WHAT TO PRODUCE = Every entry below should be returned exactly as it appears, with pictures left out.

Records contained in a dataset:
......
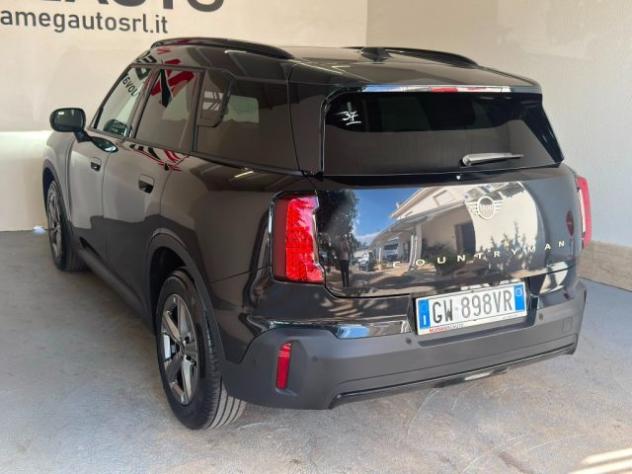 MINI Mini C Classic Countryman rif. 24008378 - Foto 5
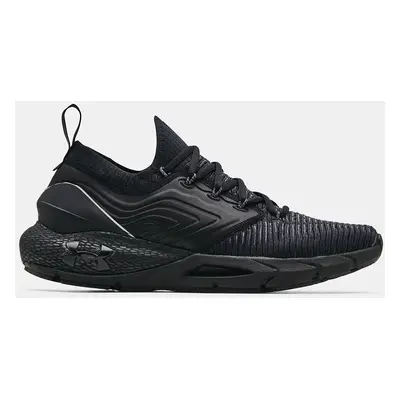 Under Armour Boty UA HOVR Phantom INKNT-BLK - Pánské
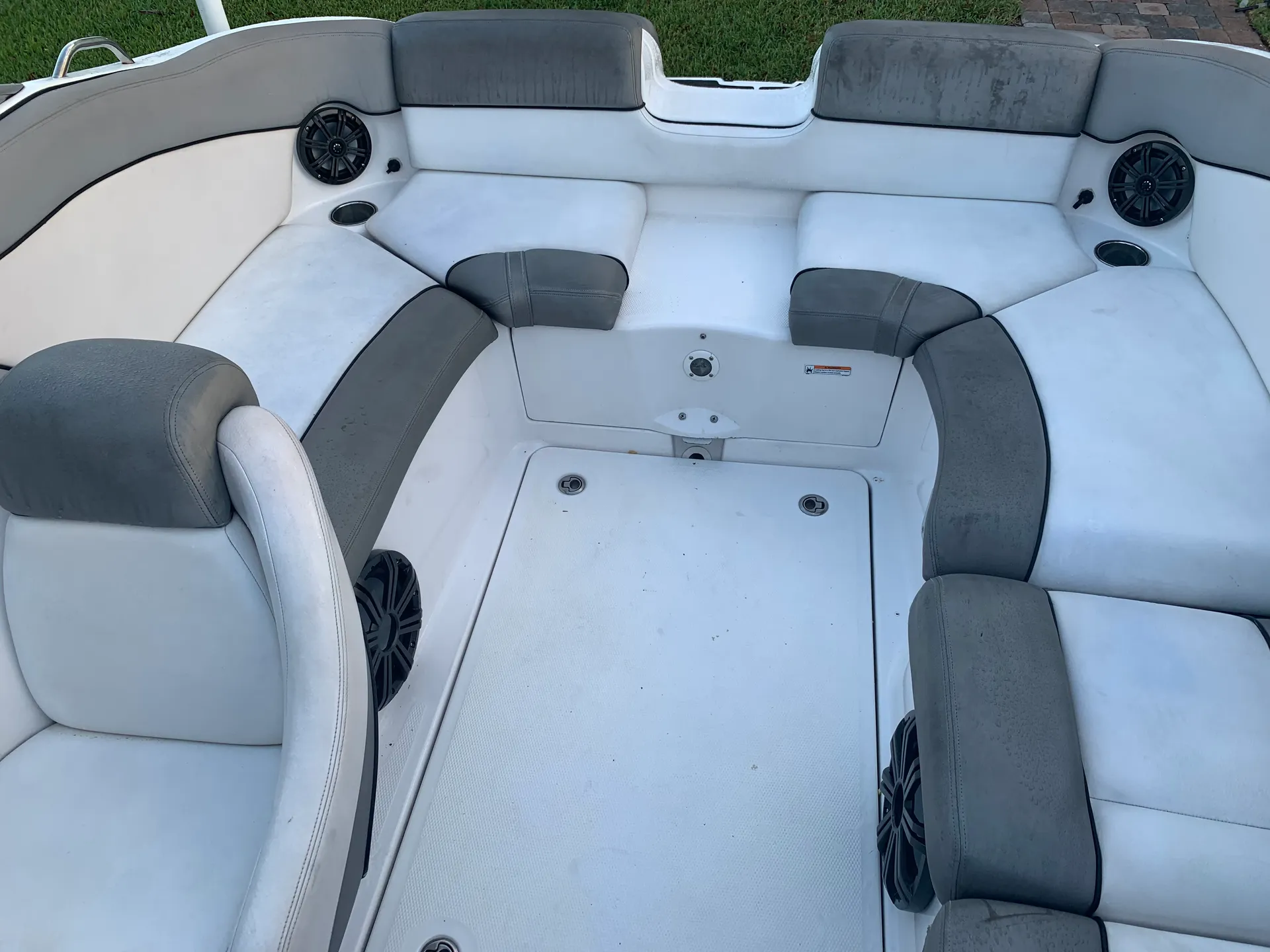 Yamaha AR240 High Output  in Davie, FL — photo 4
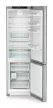 LIEBHERR CNgbc 5723 Szabadonálló kombinált alulfagyasztós hűtőszekrény | Silver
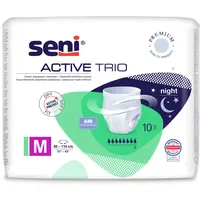 Seni Active Trio M 10 St.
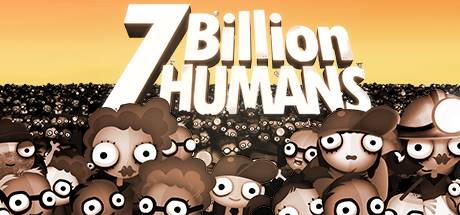 7 Billion Humans-GOG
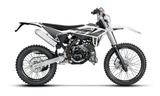 Beta RR 50 Enduro Sport - BETA RR 50 SPORT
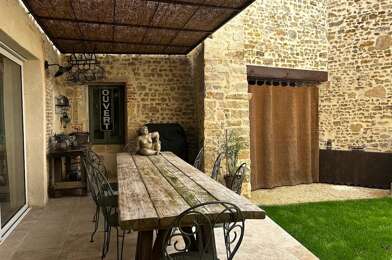 Maison 7 pièces 394900 €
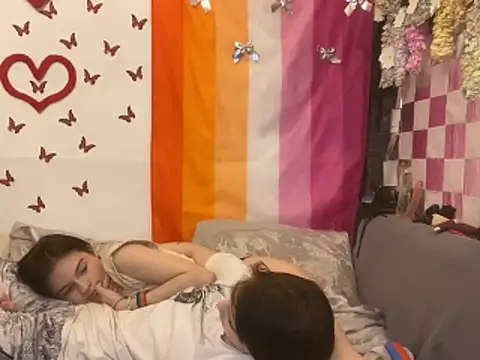 Kim__Ray ওয়েবক্যাম শো
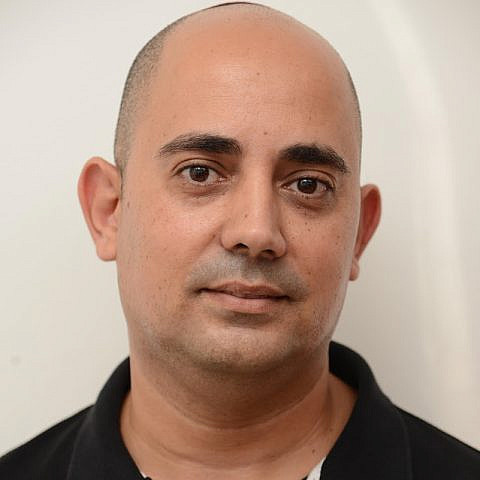 Mordechai Chaziza (Google Plus)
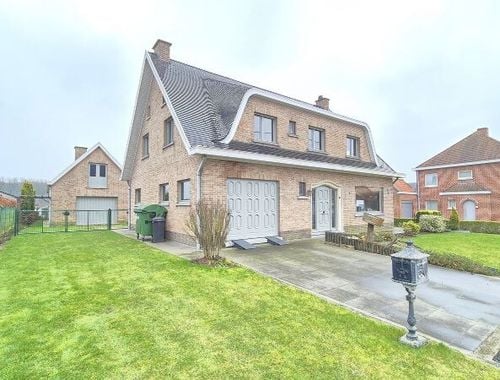                                         Villa te koop in Zillebeke, € 450.000
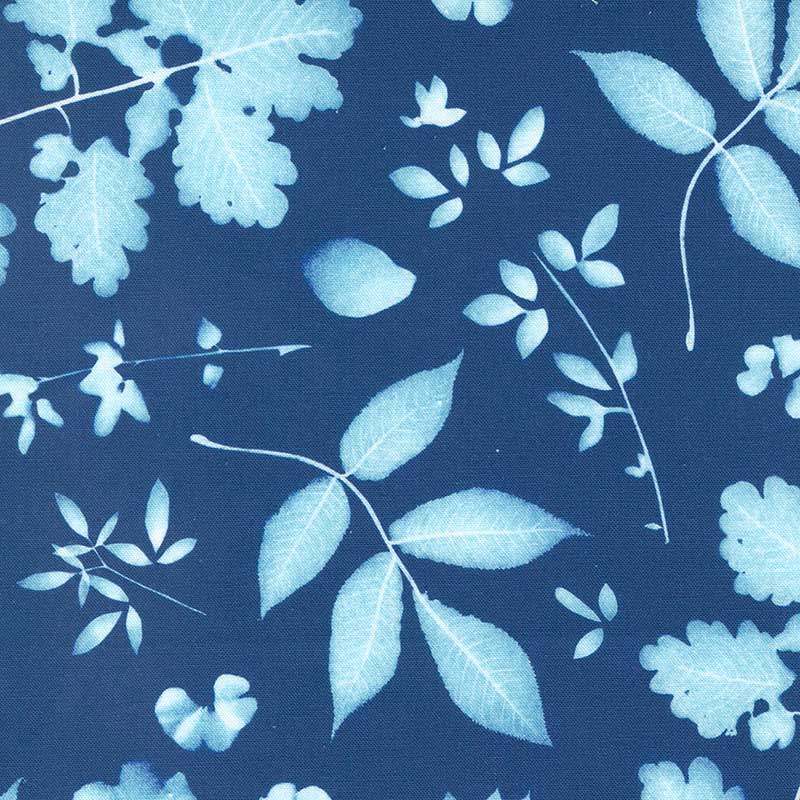 Moda - Bluebell by Janet Clare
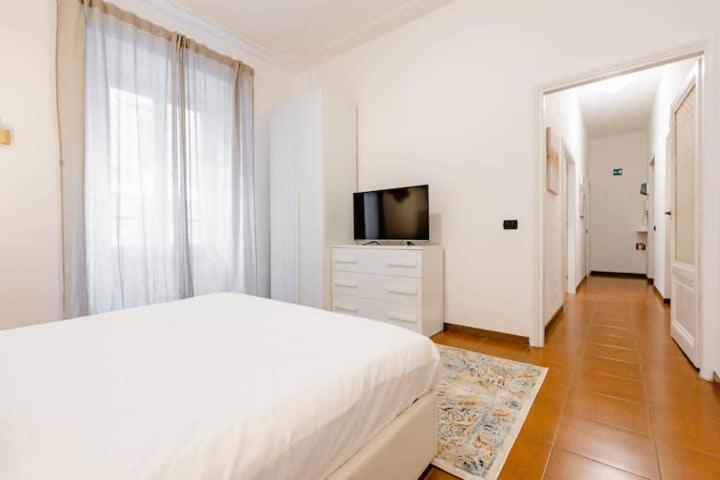 New! Casa Micheli A Trastevere Rome Extérieur photo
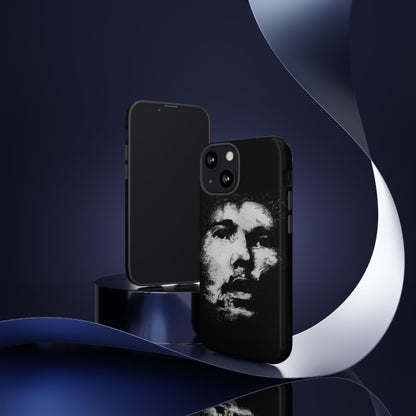 Bob's Portrait Phone Case | Tough Protective Case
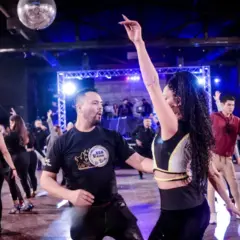 Cours de Bachata et Fiesta chez Se Picó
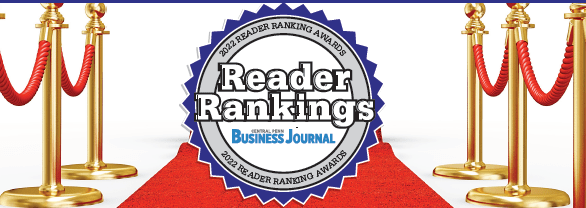 <strong>CPBJ readers put HU in the top 3</strong>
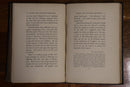 1892 Records Of Tennyson, Ruskin & Browning Antique British Literature Book-5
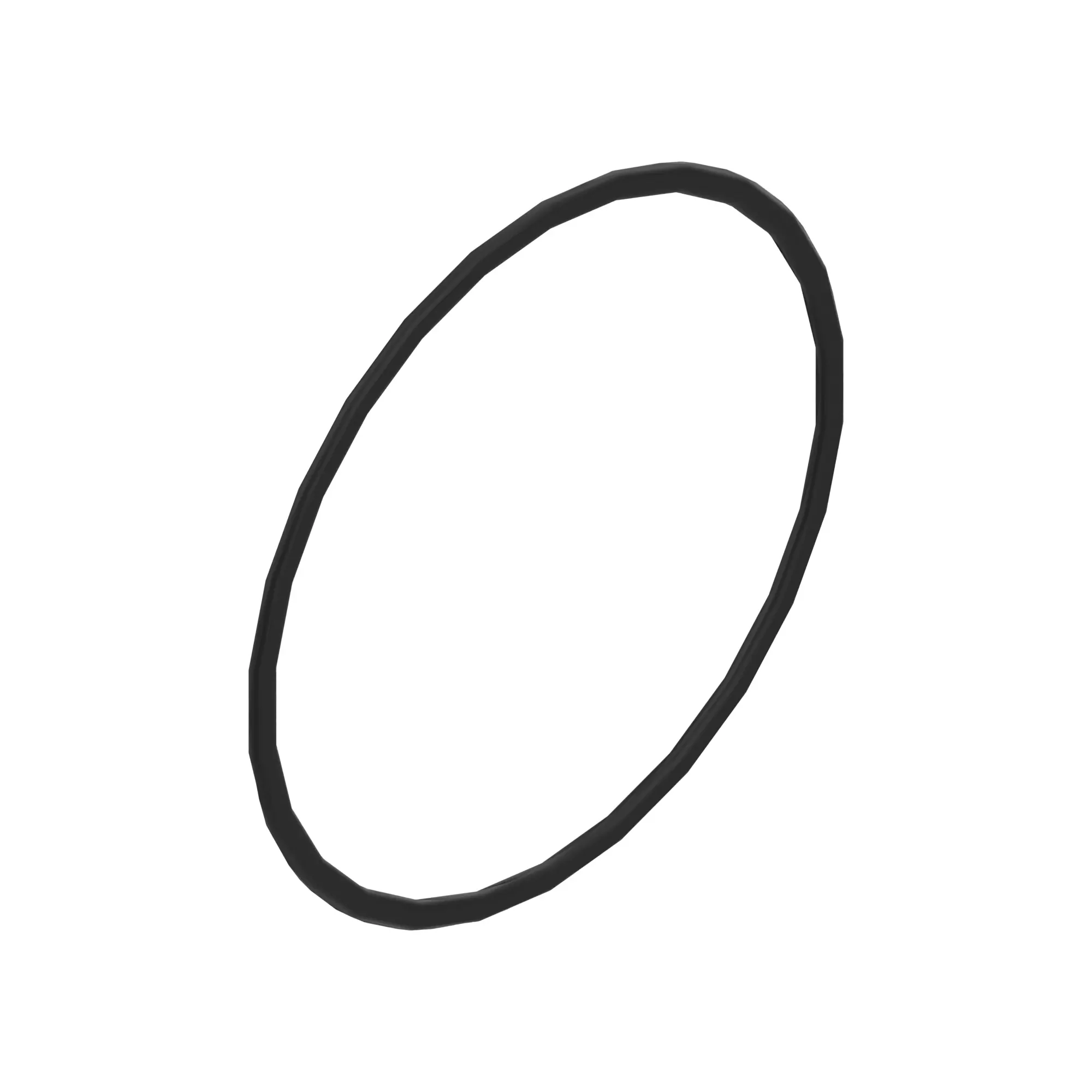 John Deere Round Cross Section O-Ring - F37020153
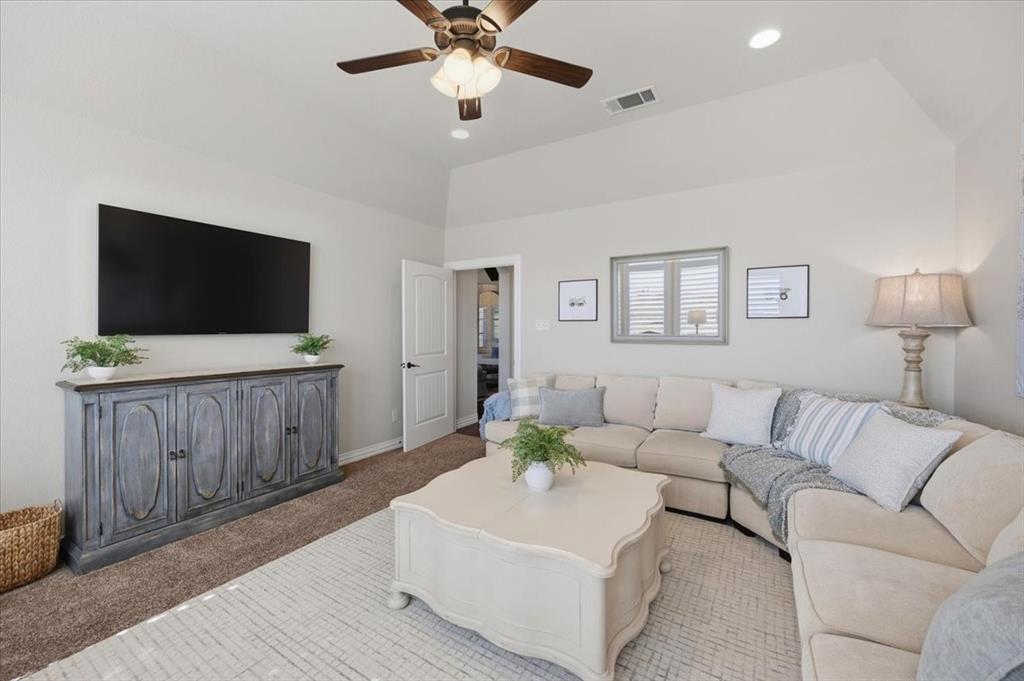Lago Vista At Bonds Ranch Add - Residential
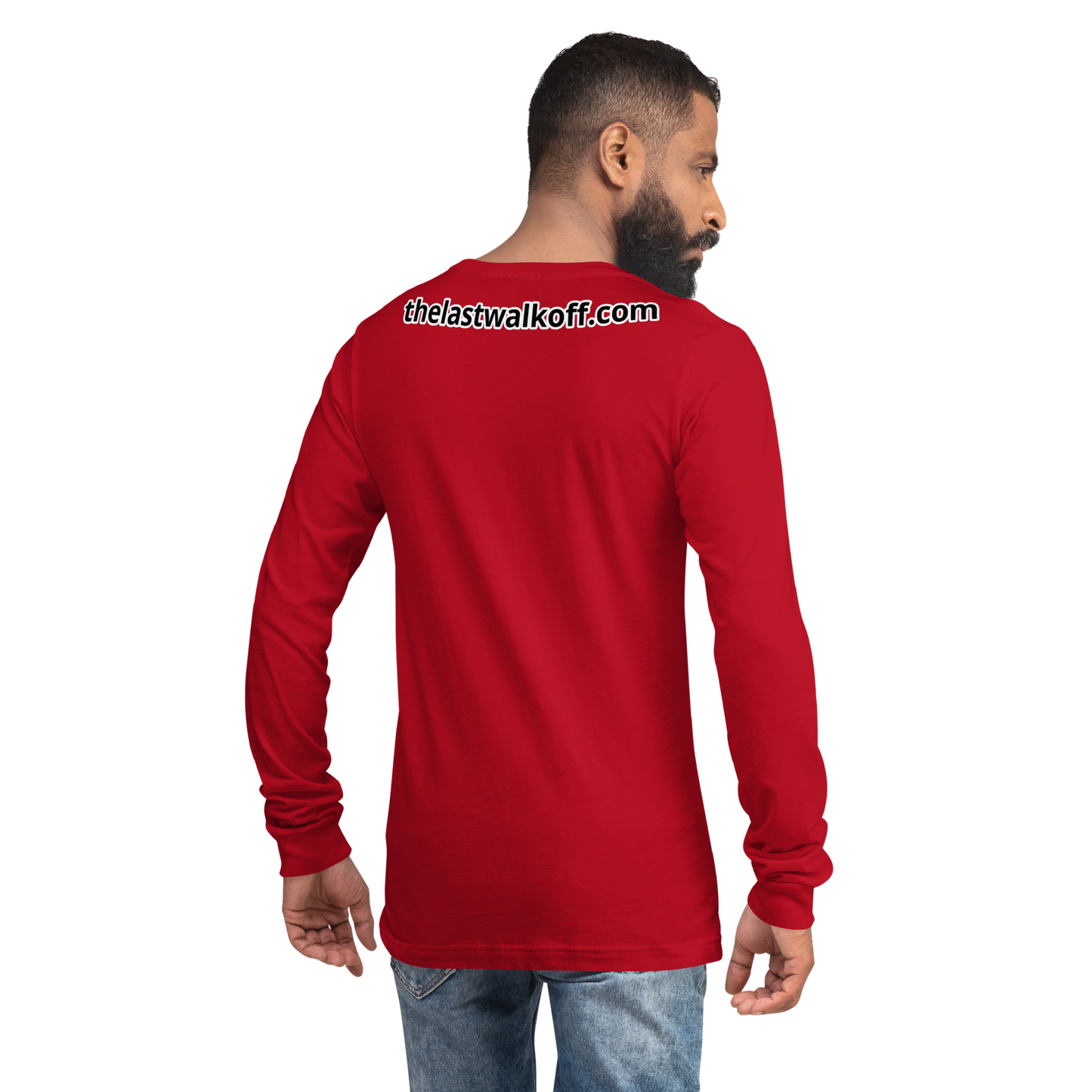 Police Show Long Sleeve Shirt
......
YOUR RESPONSE =
 MINI Mini C Classic Countryman rif. 24008378 - Foto 5
 Under Armour Boty UA HOVR Phantom INKNT-BLK - Pánské
 Yamaha AR240 High Output  in Davie, FL — photo 4
 LIEBHERR CNgbc 5723 Szabadonálló kombinált alulfagyasztós hűtőszekrény | Silver
 Seni Active Trio M 10 St.
 7 Billion Humans-GOG
 Beta RR 50 Enduro Sport - BETA RR 50 SPORT
 Maison 7 pièces 394900 €
 Kim__Ray ওয়েবক্যাম শো
 Mordechai Chaziza (Google Plus)
                                         Villa te koop in Zillebeke, € 450.000
 Moda - Bluebell by Janet Clare
 New! Casa Micheli A Trastevere Rome Extérieur photo
 Bob's Portrait Phone Case | Tough Protective Case
 Cours de Bachata et Fiesta chez Se Picó
 <strong>CPBJ readers put HU in the top 3</strong>
 1892 Records Of Tennyson, Ruskin & Browning Antique British Literature Book-5
 John Deere Round Cross Section O-Ring - F37020153
Lago Vista At Bonds Ranch Add - Residential
 Police Show Long Sleeve Shirt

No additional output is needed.